What is required: Please transcribe the records precisely; pictures stay out of your copy.

Records shown:
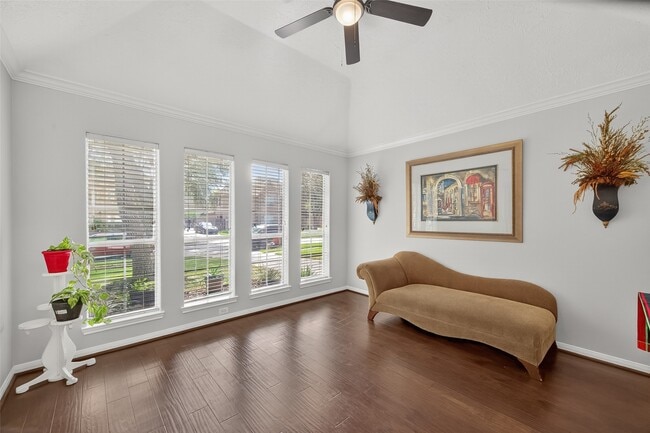 Building Photo - 17518 Heartwind Ct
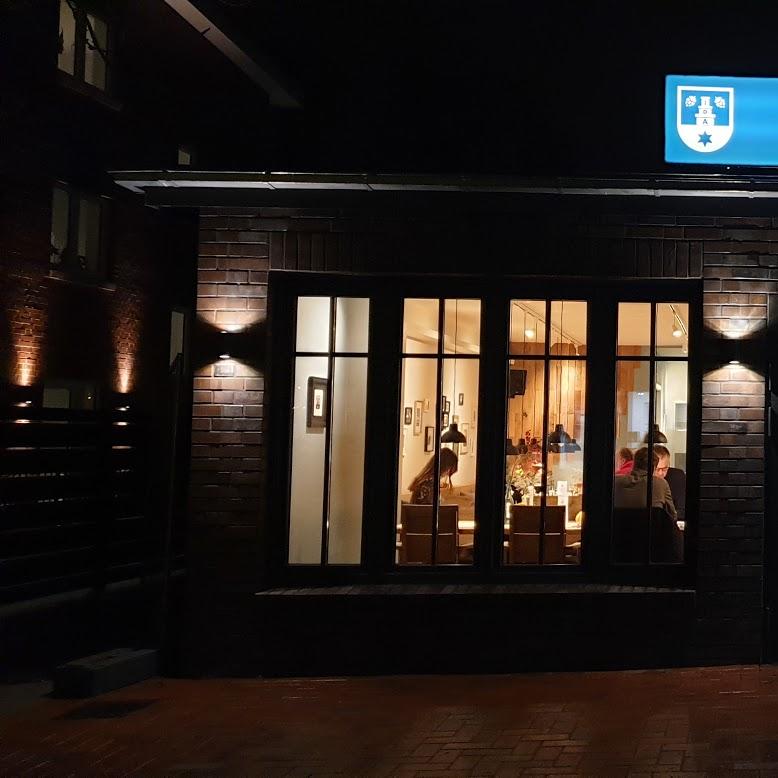 Restaurant "IDA Brauerei" in  Pinneberg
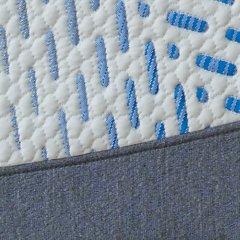 Millennium Luxury Plush Gel Latex Hybrid Mattress and Adjustable Base Package - Zara Furniture (Kissimmee,FL)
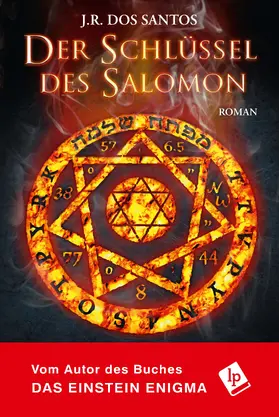 Dos Santos |  Der Schlüssel des Salomon | eBook | Sack Fachmedien
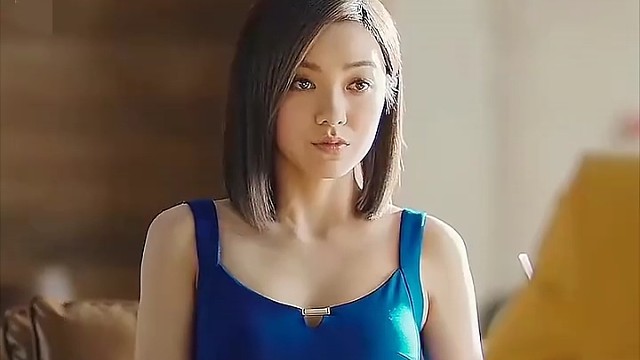 一定是镜头显大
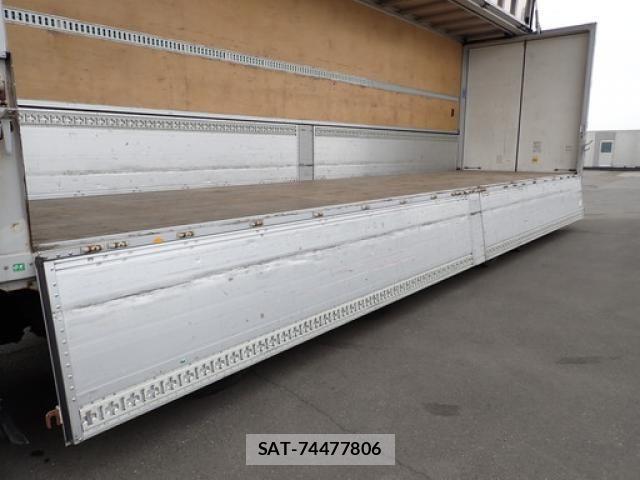 Isuzu FORWARD 2015-08 6676005-22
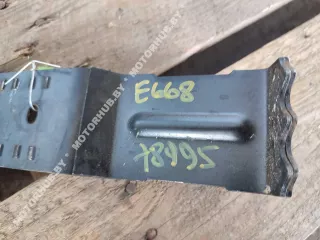  Упор противооткатный BMW 7 E65/E66 Арт 00078995, вид 3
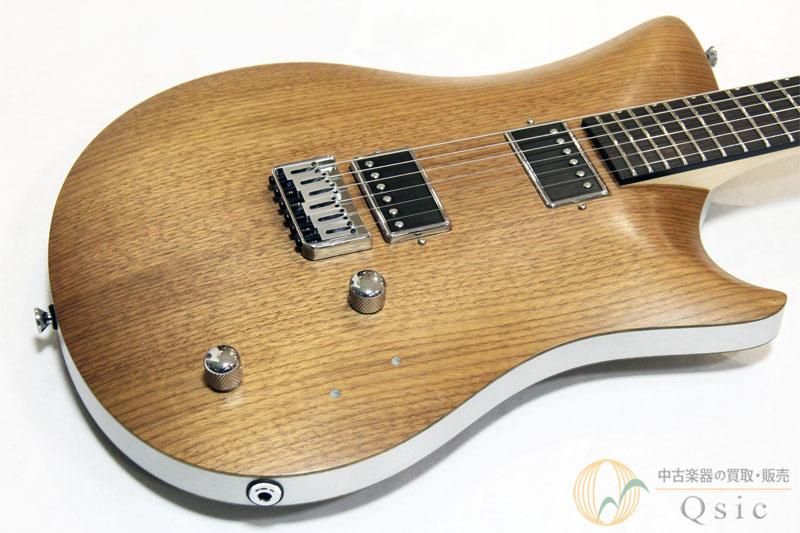 RELISH Guitars Walnut Jane OK[OJ584]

Output for this task:
 Building Photo - 17518 Heartwind Ct
 Restaurant "IDA Brauerei" in  Pinneberg
 Millennium Luxury Plush Gel Latex Hybrid Mattress and Adjustable Base Package - Zara Furniture (Kissimmee,FL)
 Dos Santos |  Der Schlüssel des Salomon | eBook | Sack Fachmedien
 一定是镜头显大
 Isuzu FORWARD 2015-08 6676005-22
  Упор противооткатный BMW 7 E65/E66 Арт 00078995, вид 3
 RELISH Guitars Walnut Jane OK[OJ584]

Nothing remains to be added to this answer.